In this section, the mineralization in the Kadıkalesi will be described. Mineralization within the site was developed around Bozdağ Hill and Boztepe, located in the Northeast and East of Kadıkalesi neighborhood. The dominant rock types in the region are dolomitic marbles and monzonite pluton, together with andesitic and trachytic intrusions. In addition, mineralization is also included in the flysch which is located on the South-West of Boztepe and turned into contact metamorphism hornfels. Pişkin (1980) found that there are Mn-mineralizations especially in the southern and eastern slopes, together with the Pb-Zn-Cu mineralizations in the region. In addition, there are several mining galleries operated in the past on the northern slopes of the site. There are two types of mineralization that are vein-type and disseminated in the region. The disseminated mineralization is mostly focused along the contact zones of dolomitic marbles and pluton, and vein type mineralization is observed around andesitic and trachytic intrusions. Kadıkalesi mineralization is host to both calc-silicate hornfels and magnesium skarn. In addition, there is an increase in ankeritized marbles and hornfels around the fault plane (Figure 14 and 15) located between Boztepe and Bozdağ hills. Additionaly, dark gray ankerite formations on the fault plane are elongated along the direction of the fault movement, indicating that the fault is still active after the activity of the metasomatic fluids.
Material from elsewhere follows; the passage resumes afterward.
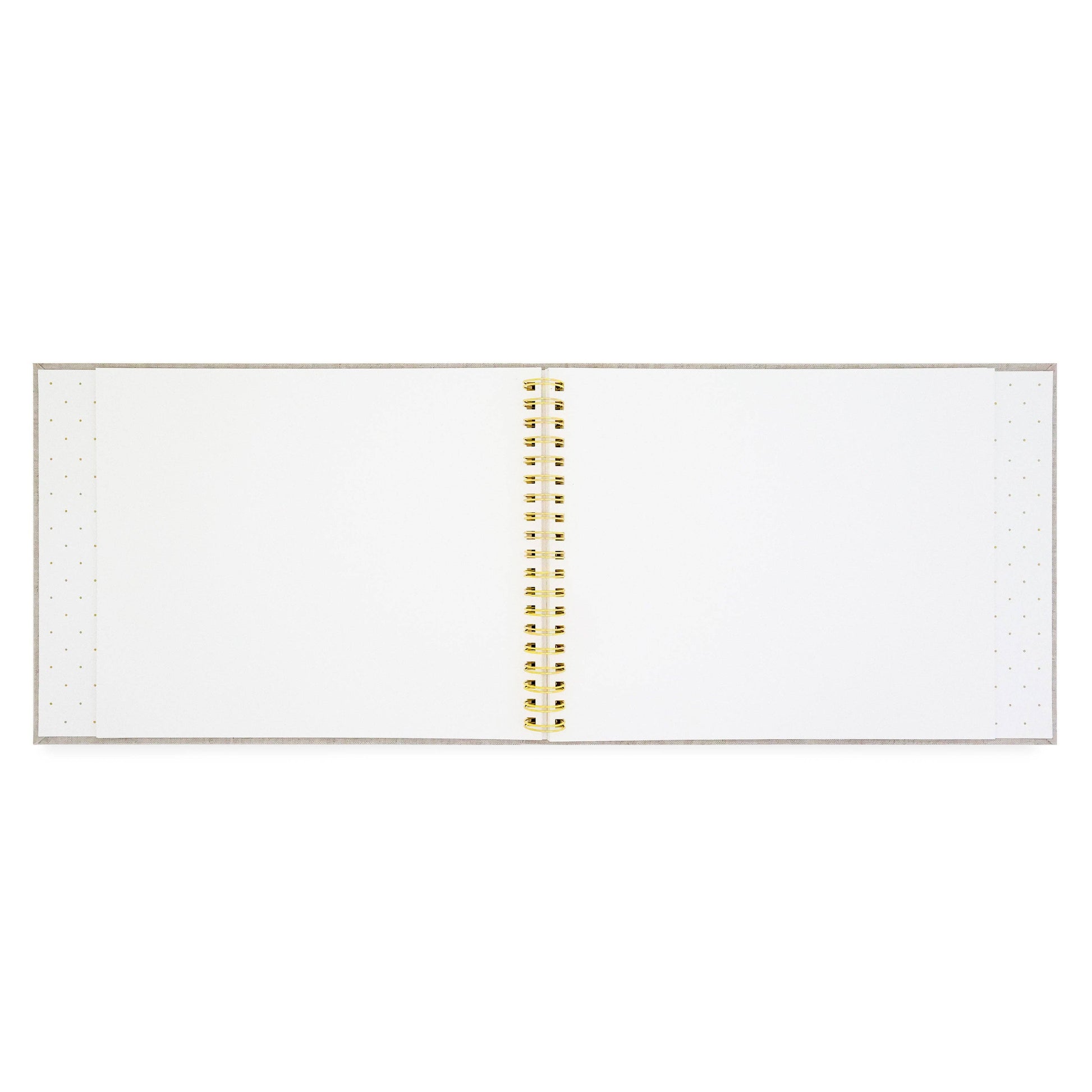 Open notebook with white pages and gold spiral binding on a white background holiday book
Figure 14. The sample taken from the silicified fault mirror located between Bozdağ and Boztepe.
Figure 15. Ankeritized hornfels..

Conversely, there is no economic mineralization in the calc-silicate Hormfels in the region, but very fine grained garnet and pyroxene minerals formed between the bedding planes of protolith rock can be observed difficulty. The main reason for the lack of economic mineralization in the hornfels is the grain size, and the permeability and porosity of the fine grained rocks will be low, so metasomatic fluids will not be able to influence them. However, the situation is different in recrystallized limestone, and vein-type and disseminated galena mineralizations (Figure 16) can be observed along the contact between the intrusions and the marbles.

Figure 16. Galena (A) and Pyrite (B) mineralizations formed in marble.

In addition, pyrite and chalcopyrite is common with galena. Furthermore, azurite and malachite mineralizations have been observed in the drosses of the ancient mining activity in the region, and the system contains the whole of Galena, Pyrite, Chalcopyrite, Azurite, and Malachite ores (Figure 17). In addition to all of these, in this system of skarn type, a small amount of magnetism is detected in the majority of the sampled rocks, and it is estimated that the system contains magnetite minerals even in low quantities.

Figure 17. Azurite (A) and Malachite (B) contain copper element.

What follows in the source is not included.